Contexte juridique : la GmbH commanditée et le rôle de l’associée unique
Dans le domaine des sociétés de personnes, il est courant qu’une GmbH soit désignée comme associée commanditée, c’est-à-dire comme associée responsable, d’une KG. Cela permet de réduire les risques de responsabilité comparativement à la responsabilité des personnes physiques en tant qu’associés commandités. Lorsqu’une fonction de gérant de la GmbH commanditée est exercée par son associée unique, cela confère une influence et un pouvoir de décision particulièrement élevés : l’associée unique contrôle la gestion et prend des décisions stratégiques d’entreprise.
Implications en droit de la sécurité sociale : distinction entre indépendance et emploi salarié
L’appréciation au regard du droit de la sécurité sociale consistant à déterminer si une telle associée unique exerce une activité indépendante ou est salariée a des conséquences importantes pour son statut en sécurité sociale ainsi que pour ses droits éventuels à des prestations chômage.
Critères déterminants selon la jurisprudence
Le critère fondamental pour l’évaluation est de savoir si la personne concernée agit sous subordination (liée à des directives) ou agit pour son propre compte en assumant un risque entrepreneurial. La jurisprudence constante retient notamment les points suivants :
- Pouvoir de décision autonome : Une associée unique d’une GmbH peut s’auto-donner des directives ; un emploi salarié dépendant dans sa propre entreprise est juridiquement exclu.
- Risque entrepreneurial : L’associée unique participe directement au succès ou à l’échec de la société et assume une responsabilité entrepreneuriale.

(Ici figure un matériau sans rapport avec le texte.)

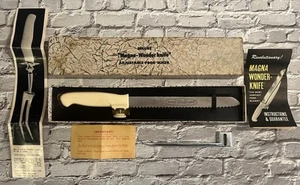 Cuchillo Magna Wonder de lujo de colección cortador de alimentos ajustable con caja e insertos nuevo de stock - Imagen 1 de 10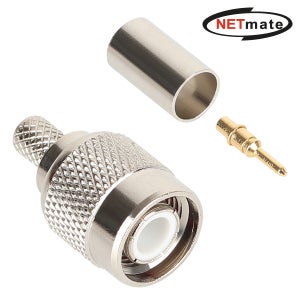 넷메이트 NM-BNC63(100개) TNC 4C 압착 커넥터(50Ω/100개)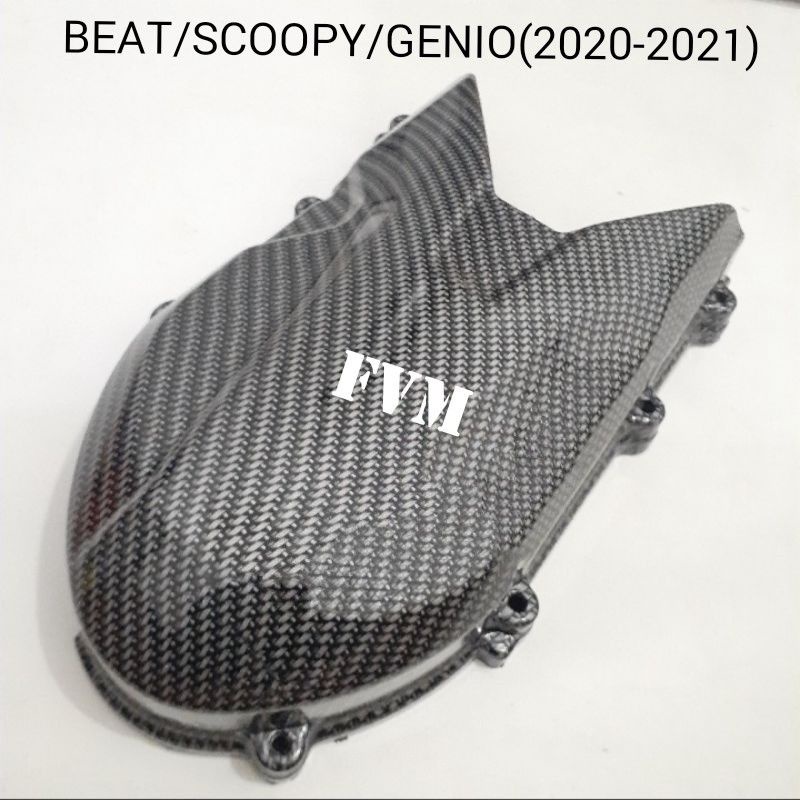 cover tutup cvt honda genio,scoopy beat 2020-2021 deluxe carbon/karbon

- Conséquences en droit social : Un emploi salarié dans sa propre entreprise, susceptible d’engendrer une obligation d’assurance au titre de l’assurance chômage, n’est en principe pas reconnu selon le droit en vigueur et la jurisprudence constante des tribunaux sociaux.

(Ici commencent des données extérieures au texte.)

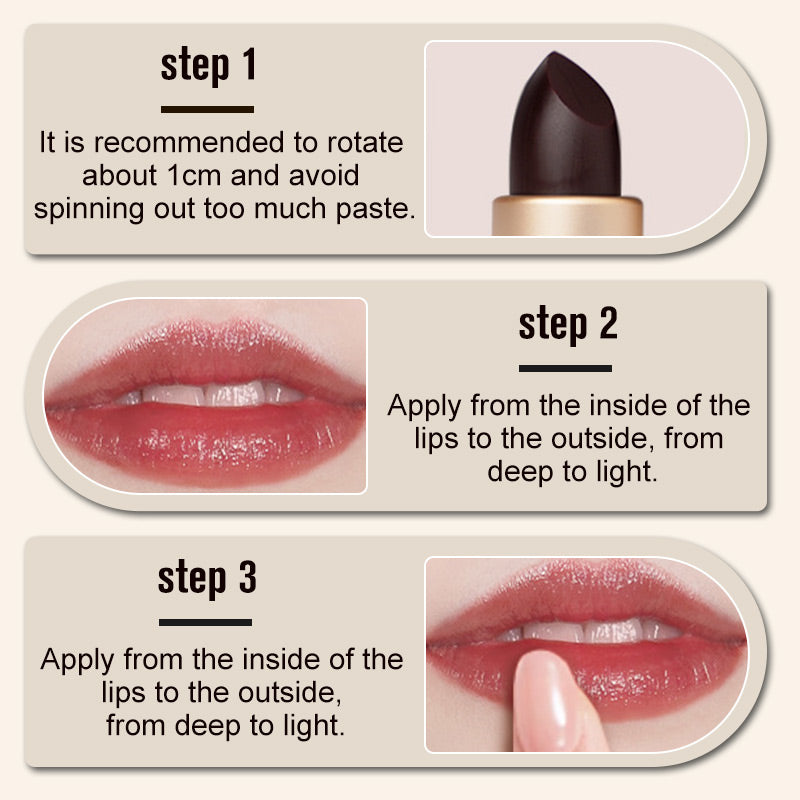 Multifunktionaler Lippenstift mit langanhaltender Farbe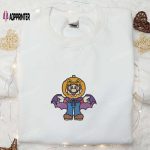 Halloween Mario Pumpkin Embroidered Shirt Hoodie & Sweatshirt: Funny Cute & Spooky Designs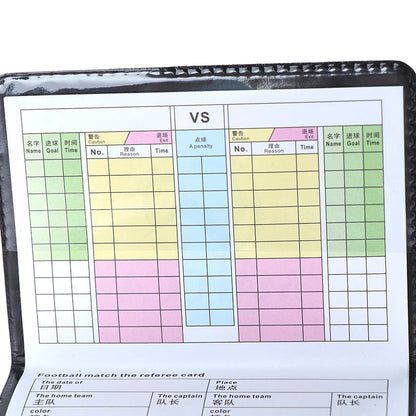 Set Profesional de Árbitro – Tarjetas Roja y Amarilla con Estuche de Cuero para Fútbol y Deportes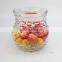 Unique Design Glass Cookie Jar with Lid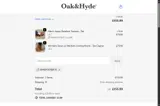 Oak & Hyde coupon verification screenshot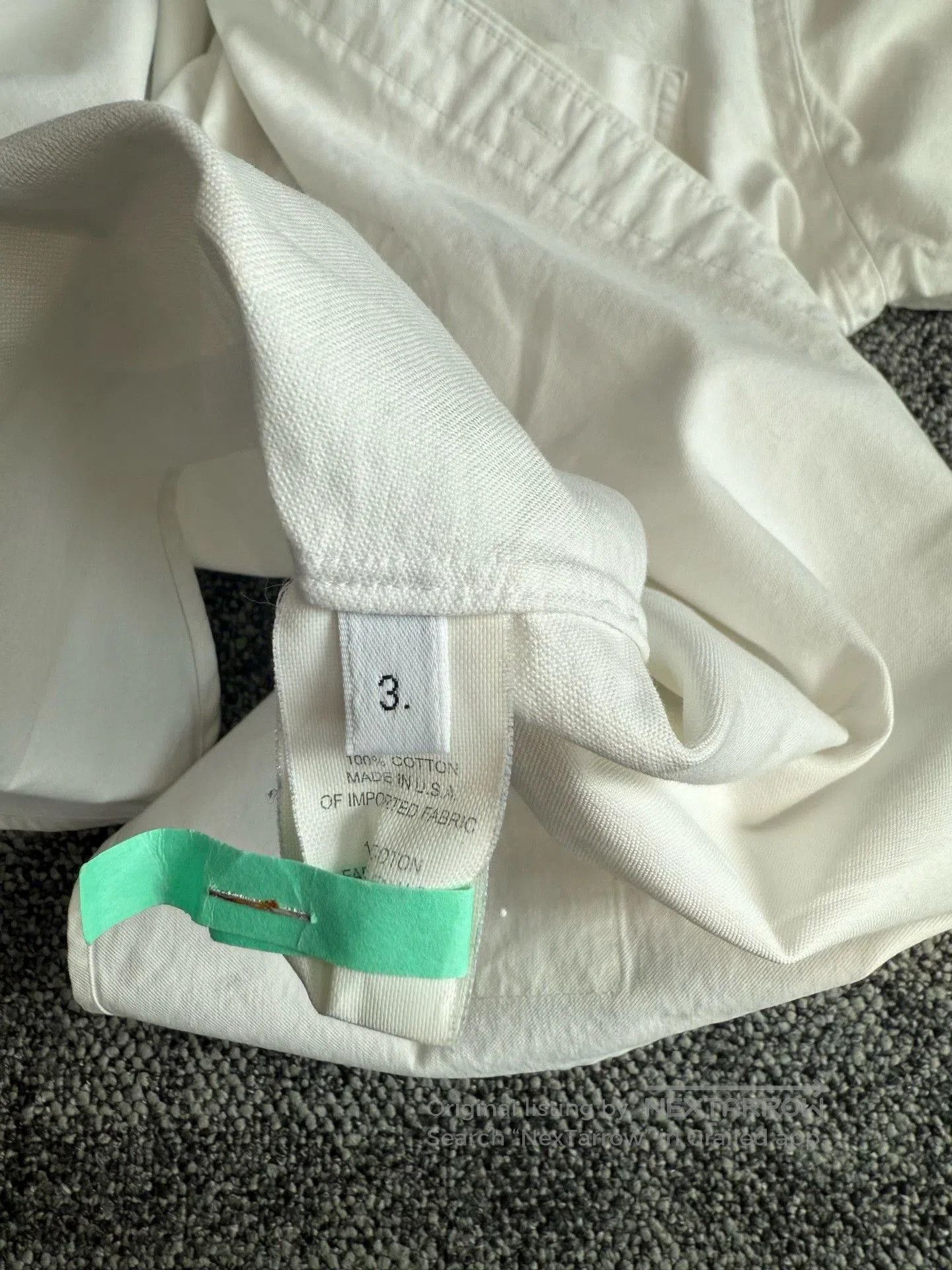 Thom Browne Thom Browne White Long-Sleeve Shirt Size 3. Size US L / EU 52-54 / 3 - 3 Thumbnail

Cas concret : décision du Tribunal social de Düsseldorf
Dans l’affaire jugée par le Tribunal social de Düsseldorf (réf. S 25 AL 10/04), une associée unique, qui était à la fois gérante et unique associée de la GmbH commanditée, avait sollicité, à la fin de son activité, des prestations selon le SGB III (allocations chômage). Le tribunal a souligné que le statut d’associée unique ne constitue pas un emploi assujetti à l’assurance au sens du SGB III, car la subordination requise n’est pas établie. La demande a été rejetée, car une indépendance était avérée et aucune obligation d’assurance ne pouvait en découler.
Cadre juridique et fiscal
Possibilités d’organisation et questions de responsabilité
Sur le plan juridique, la combinaison GmbH & Co. KG offre de nombreux avantages en termes de limitation de la responsabilité, mais il convient que les parties prenantes prennent toujours en compte les interactions avec le droit de la sécurité sociale. En particulier, la personne de l’associée unique d’une GmbH commanditée exerce, du fait de sa position exclusive, une fonction dominante et n’est donc généralement pas assurée à la sécurité sociale obligatoire, sauf circonstances factuelles dérogeant à cette règle.

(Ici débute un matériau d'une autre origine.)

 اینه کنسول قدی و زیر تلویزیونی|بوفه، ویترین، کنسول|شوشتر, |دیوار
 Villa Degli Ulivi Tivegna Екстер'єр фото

Importance au regard de l’assurance chômage et maladie
La configuration présentée a non seulement des répercussions sur l’assurance chômage, mais peut également être pertinente pour le statut d’assurance maladie. Il est recommandé d’évaluer toujours avec soin la structure juridique concrète ainsi que les circonstances factuelles propres à chaque cas, car dans d’autres configurations – par exemple en cas de participation minoritaire ou d’exercice de l’influence réel différent – des appréciations juridiques divergentes peuvent être justifiées.
Conclusion
La décision du Tribunal social de Düsseldorf souligne l’importance d’une évaluation juridique précise du statut dans les cas où la fonction de gérant et la qualité d’associé sont réunies en une même personne. Pour les entreprises, associées et investisseurs, la connaissance précise des cadres juridiques en droit de la sécurité sociale et du droit des sociétés reste essentielle afin d’éviter toute insécurité juridique et d’identifier à temps les risques potentiels.